__RECORDS SUPPLIED__
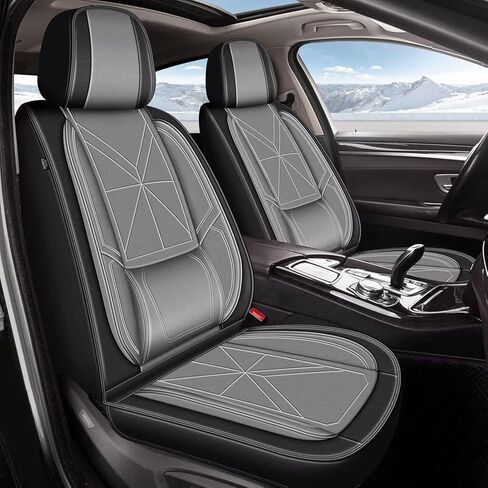 أغطية مقاعد السيارة IKABEVEM مجموعة كاملة تناسب Honda HRV 2016-2025 2026: 5 ملحقات داخلية للسيارات، غطاء وسائد مقعد السيارة من الجلد الصناعي المقاوم للماء (بيج وأسود) in Kuwait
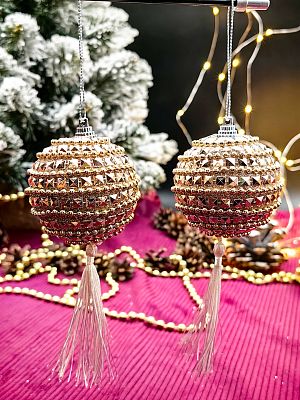 Набор шаров 6 см 2 шт шампань Р-7411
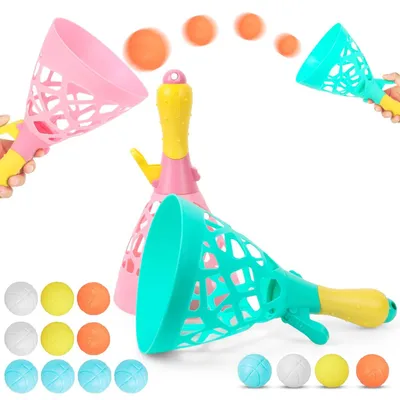 Produktbild von 12-teiliges Catchball-Spiel für Kinder mit 2 Fangbechern und 10 Bällen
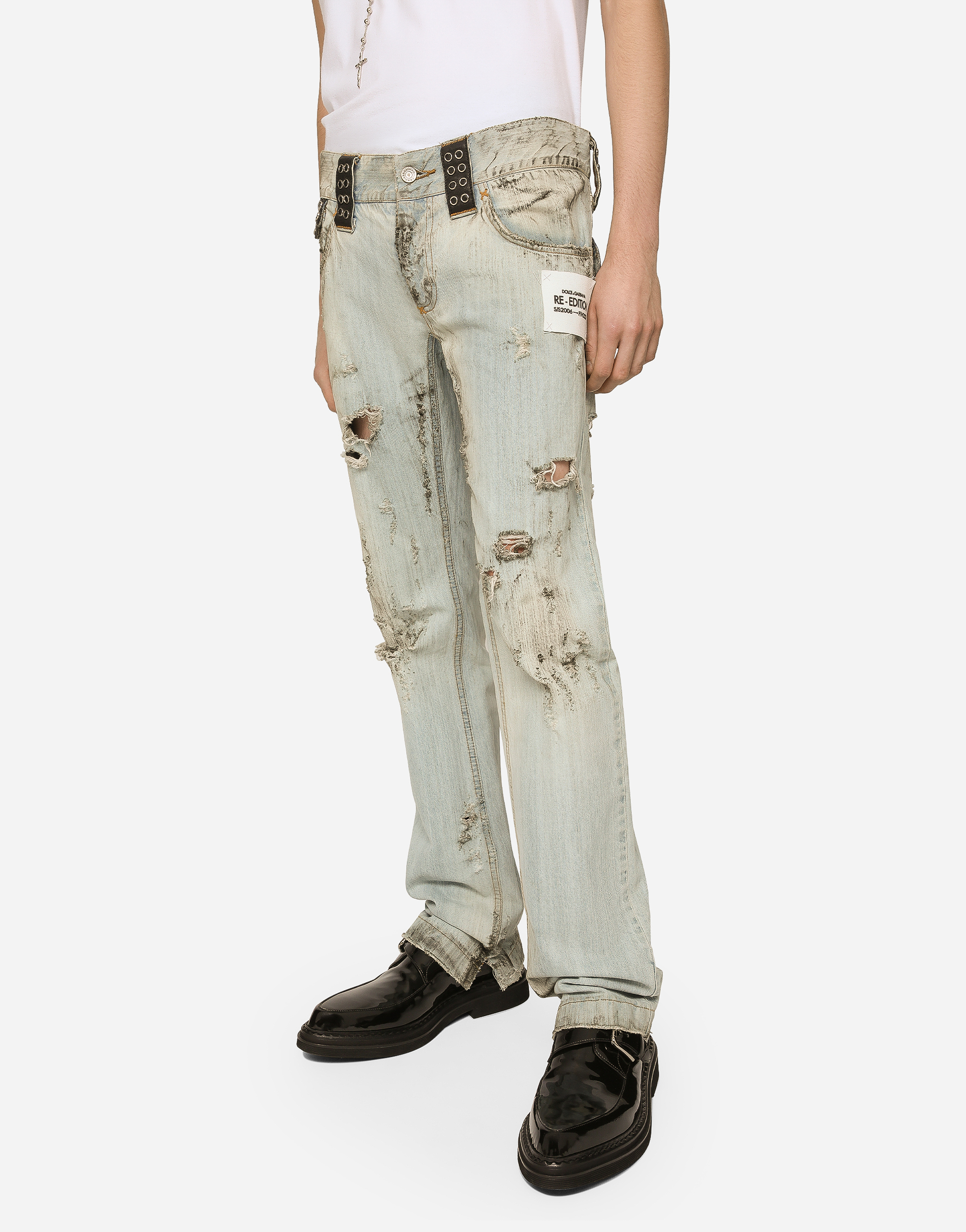 DOLCE & GABBANA WASHED DIRTY DENIM JEANS WITH RIPS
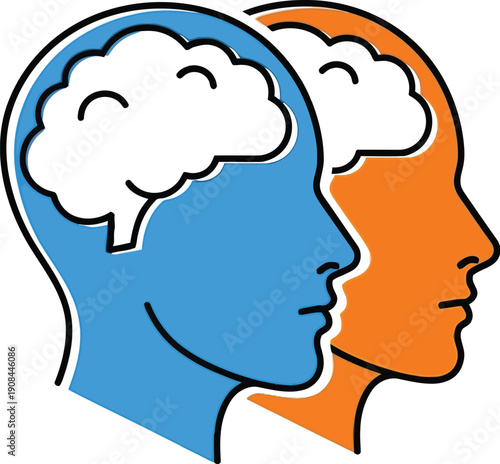 Two abstract profiles of heads show a simplified brain inside each one.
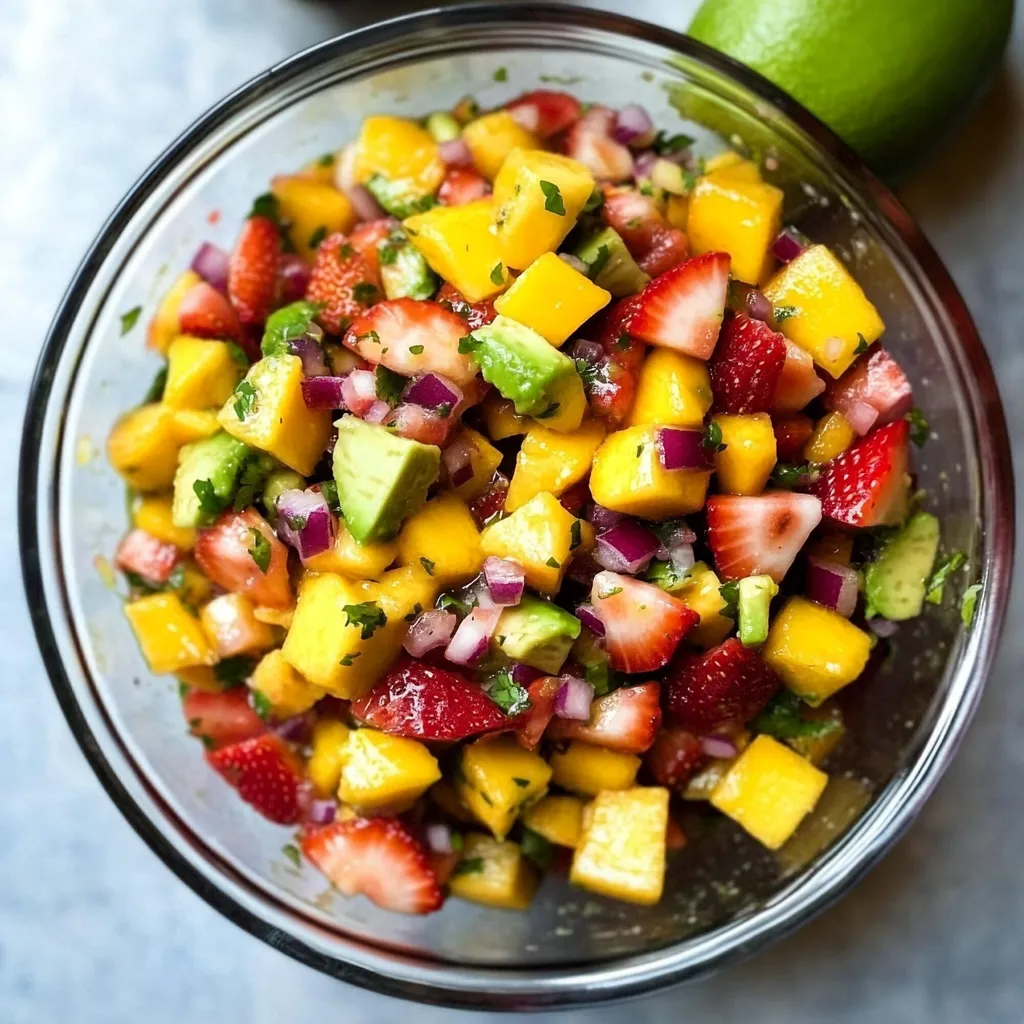 A bowl of fruit with strawberries, lime, and mango.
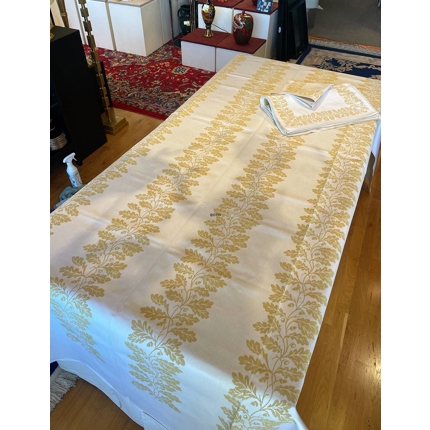 Tischdecke und 12 Serviette, gelb/off-weiß, Vintage, die Tischdecke misst 145 x 300 cm.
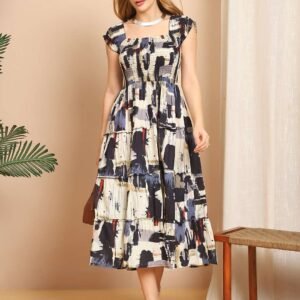 Women's Viscos Rayon Printed Off Shoulder Midi Dress For Summer And Casual Wear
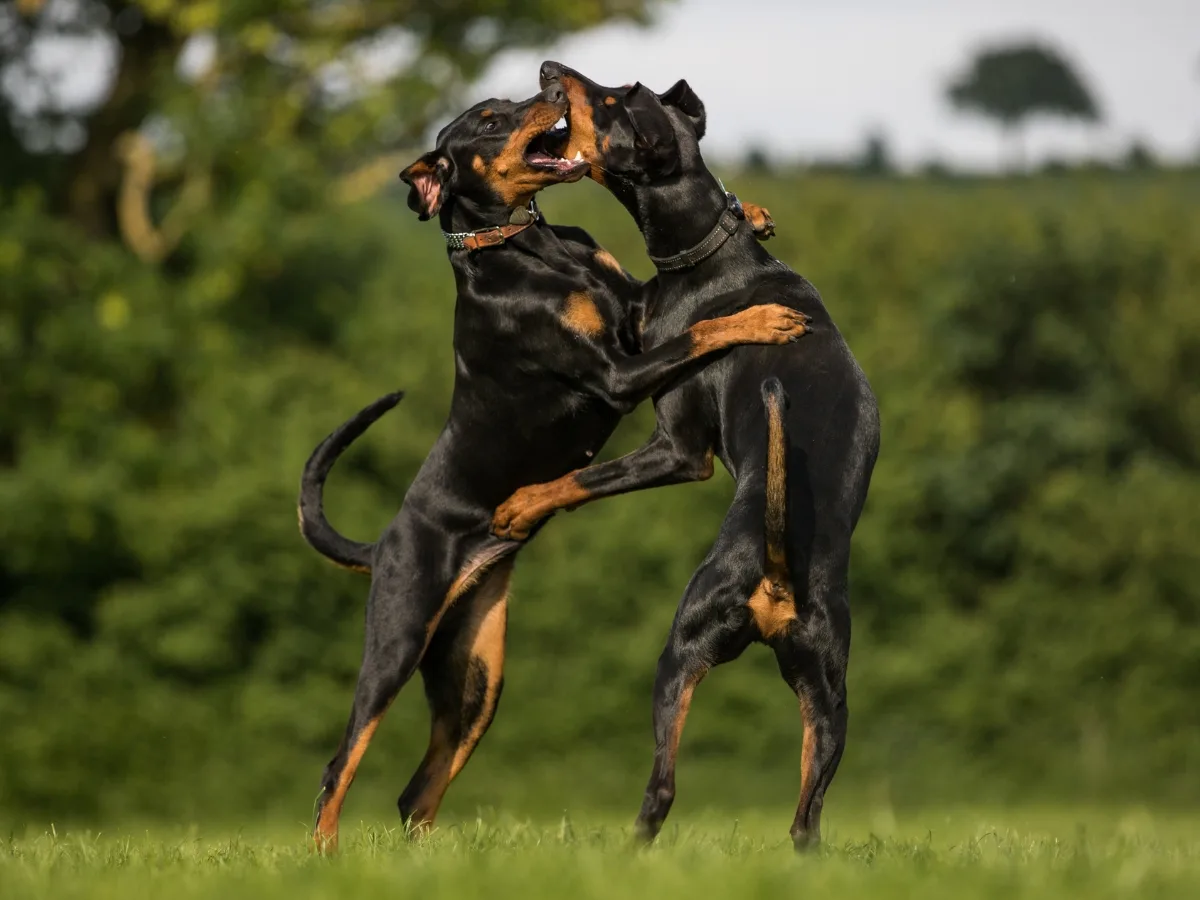 Two Dobermans Playing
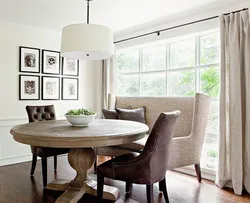 Round table and sofa in the kitchen photo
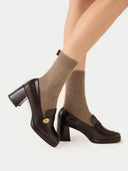 Women's Cashmere Trim Knit Socks Taupe  - Gobi Cashmere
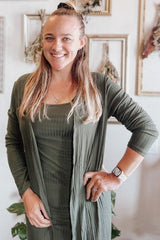 Olive Ribbed Cardigan 2 Piece Set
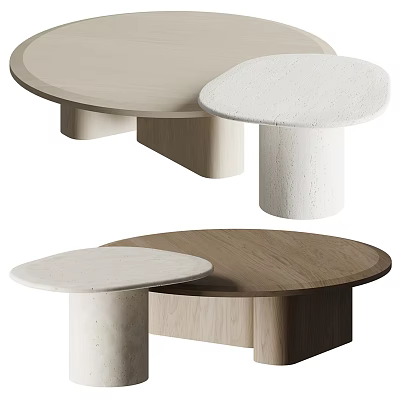 Modern Round Coffee Tables Featuring Smooth Wooden And Textured Stone Surfaces In Stylish Design 3d model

__WORK TO BE COMPLETED__
Once the line containing "Набор шаров 6 см 2 шт шампань Р-7411" has been located, transcribe exactly and only every line from the first line of the entries through it, excluding pictures.

__SOLUTION__
 أغطية مقاعد السيارة IKABEVEM مجموعة كاملة تناسب Honda HRV 2016-2025 2026: 5 ملحقات داخلية للسيارات، غطاء وسائد مقعد السيارة من الجلد الصناعي المقاوم للماء (بيج وأسود) in Kuwait
 Набор шаров 6 см 2 шт шампань Р-7411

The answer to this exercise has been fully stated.